JuliaData / DataFrames.jl

In-memory tabular data in Julia
https://dataframes.juliadata.org/stable/
Other
1.73k stars 367 forks source link

Converting DataVectors to Vectors and DataMatrix's/DataFrame's to Matrix's #160

Closed johnmyleswhite closed 11 years ago

johnmyleswhite commented 11 years ago

We need to decide on the names of functions for converting Data* objects into standard Julia objects. I propose the following:

This would remove the array and arrayNA functions currently found in src/dataframe.jl. I think those names are confusing now that we support rank-n tensors under the name DataArray.

Thoughts?

HarlanH commented 11 years ago

Yes to the function names. For me, saying "na=True" (using Options?) doesn't necessarily get at the idea that you're changing the result type to Any. How about convert="Any" to generate an Any array, or convert="union" to generate a type union array. And maybe we should explicity support conversion of NAs to other values (strings, NaN, 999) as part of these routines?

On Fri, Jan 11, 2013 at 9:43 AM, John Myles White notifications@github.comwrote:

We need to decide on the names of functions for converting Data* objects into standard Julia objects. I propose the following:

  • vector(dv::DataVector{T}) converts to Vector{T} and fails on NA. This makes it equivalent to failNA.
  • vector(dv::DataVector, na = true) converts to Vector{Any} and propagates NA.
  • matrix(dm::DataMatrix{T}) converts to Matrix{T} and fails on NA. This makes it equivalent to failNA.
  • matrix(dm::DataMatrix, na = true) converts to Matrix{Any} and propagates NA.
  • matrix(df::DataFrame) converts to Matrix{T}, where T is the type union of coltypes(df). It fails on NA.
  • matrix(dv::DataFrame, na = true) converts to Matrix{Any} and propagates NA.

This would remove the array and arrayNA functions currently found in src/dataframe.jl. I think those names are confusing now that we support rank-n tensors under the name DataArray.

Thoughts?

— Reply to this email directly or view it on GitHubhttps://github.com/HarlanH/DataFrames.jl/issues/160.

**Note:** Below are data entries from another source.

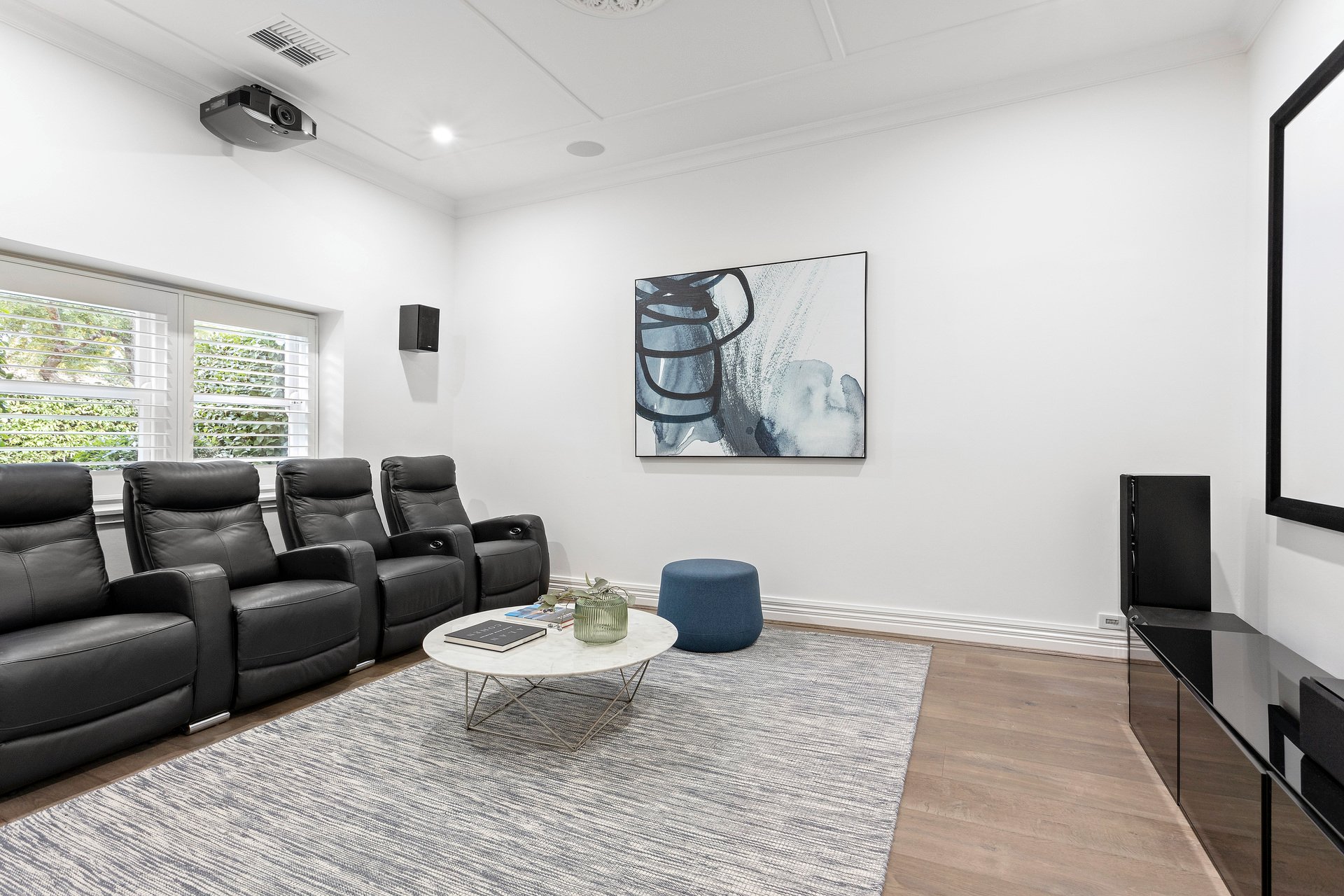 Property Gallery Thumbnail 11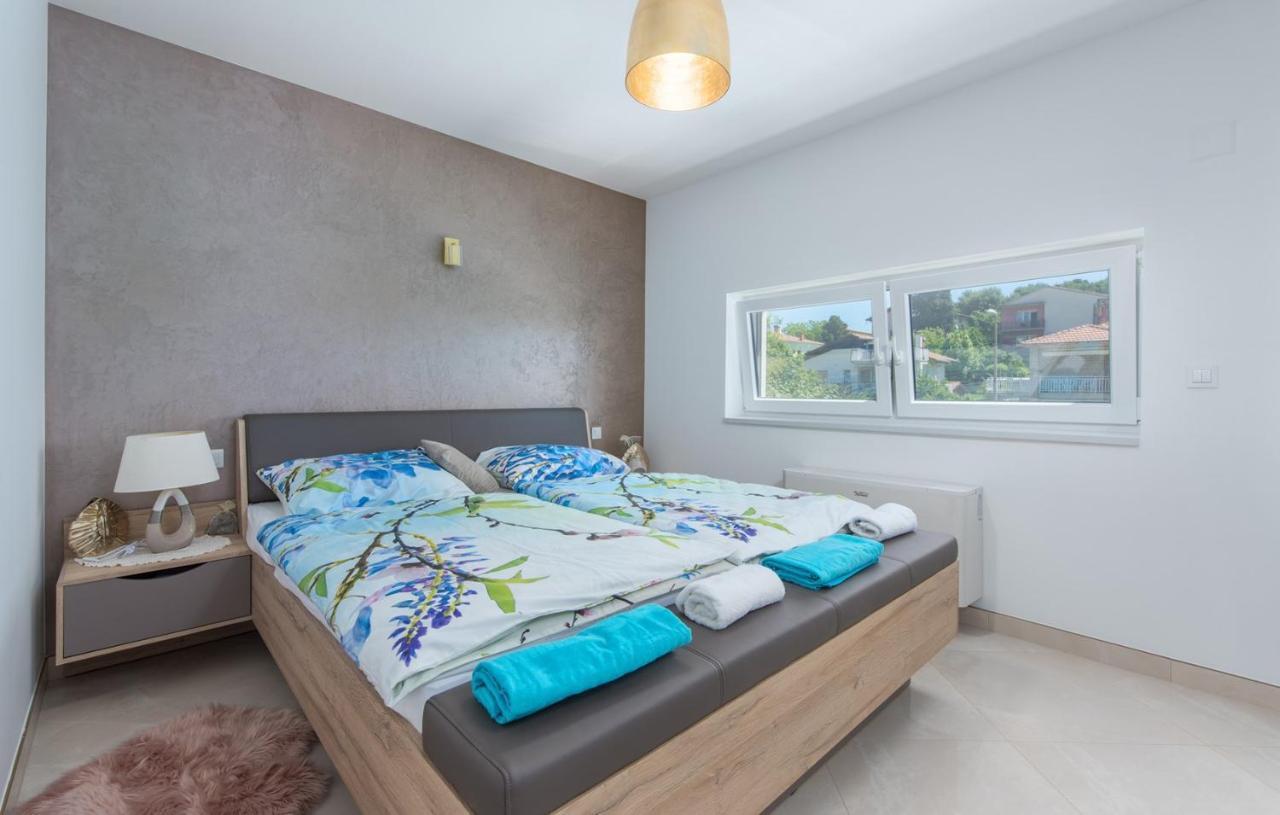 Modern Apartments With Shared Pool Near The Sea Pula Exterior foto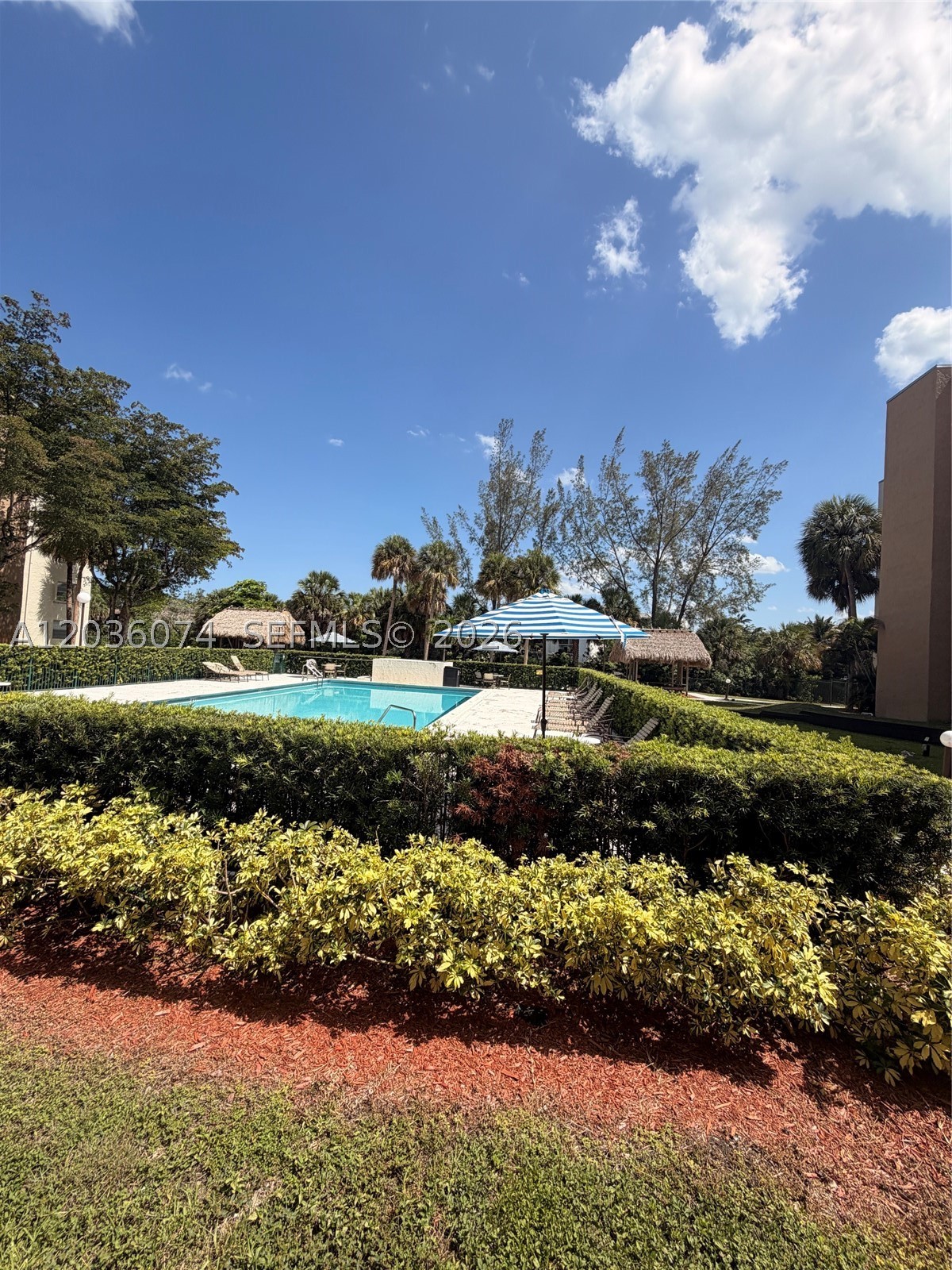 CYPRESS CLUB OF KENDALE C - Residential Lease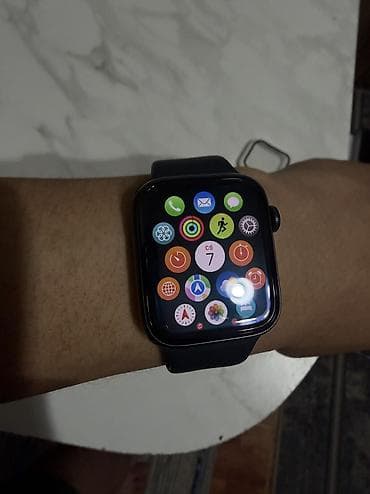 Apple Watch SE 3 (2025) 44mm с силиконовым ремешком (черный цвет) и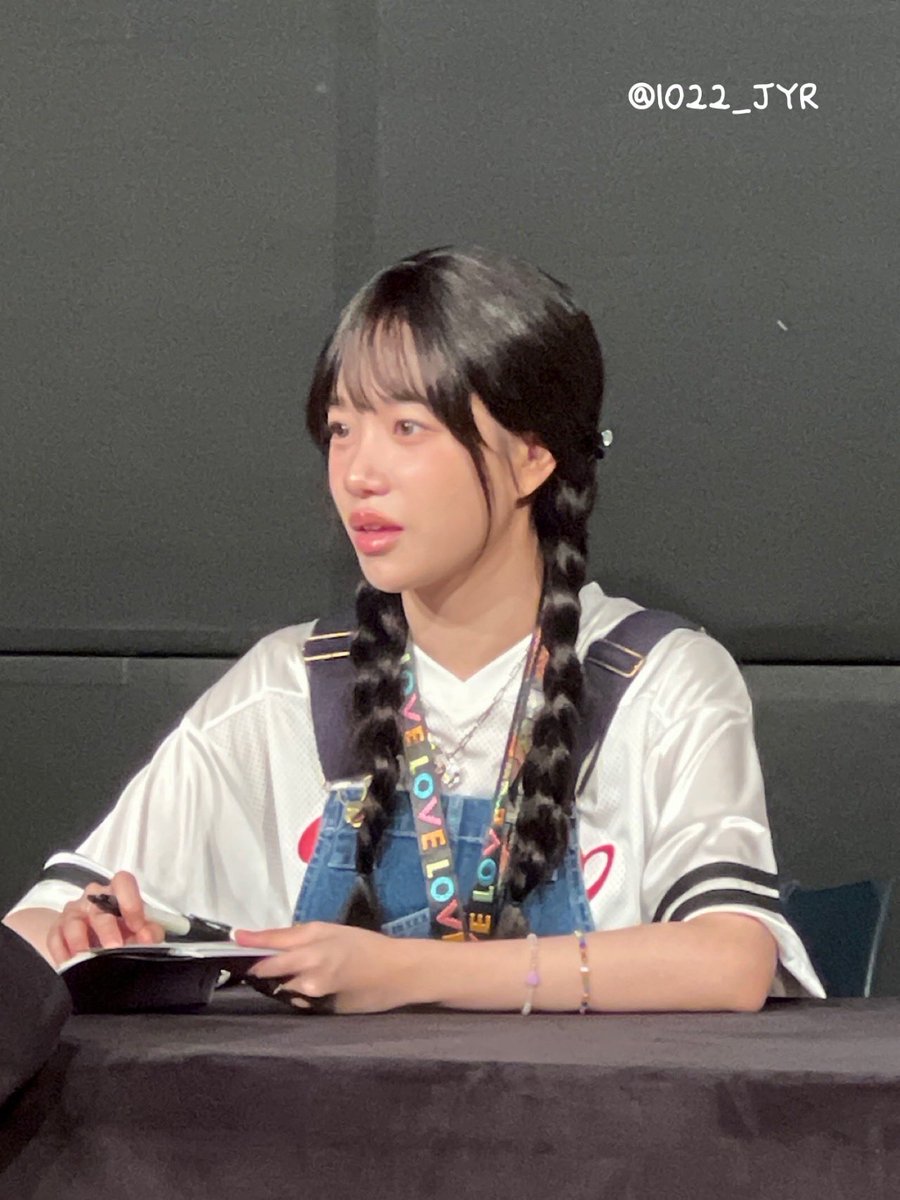 250818 뮤직아트 팬싸인회

강아지네……🐶

#조유리 #JOYURI #チョユリ
#Episode25_이제_안녕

johnmyleswhite commented 11 years ago

You're right: we can use better names for options via the Options module. I would prefer using symbols like convert = :any or convert = :union. I generally try to avoid allowing strings as ad hoc enums and feel better using symbols that way. I would suggest using types except that the union case wouldn't be as easy to handle.

I think your later case would be better covered by extending failNA and replaceNA to work with DataArray's and DataFrame's. I think they may already work for DataArray's of arbitrary rank.

One question remains: how will these cases overlap with calling convert(Array{Any}, DataArray) and convert(Array{Any}, DataFrame)?

tshort commented 11 years ago

+1 on John's names.

This is another case where I wish we had real keyword arguments. Options seem heavy and clumsy just for a single option: vector(dv, @options(convert => :union)). Even if we use Options for this, I'd like to also be able to write vector(dv, :union) or vector(dv, :union_convert). In another package I'm working on that uses Options a lot, I'm struggling with the best way to use Options and multiple dispatch. I've been sort-of following a rule to always provide Options when optional elements are involved (even one) but also allow multiple dispatch to handle the cases when there are only one or two options and also have a version of the method where all options are specified as function arguments (this is the version that ultimately gets called).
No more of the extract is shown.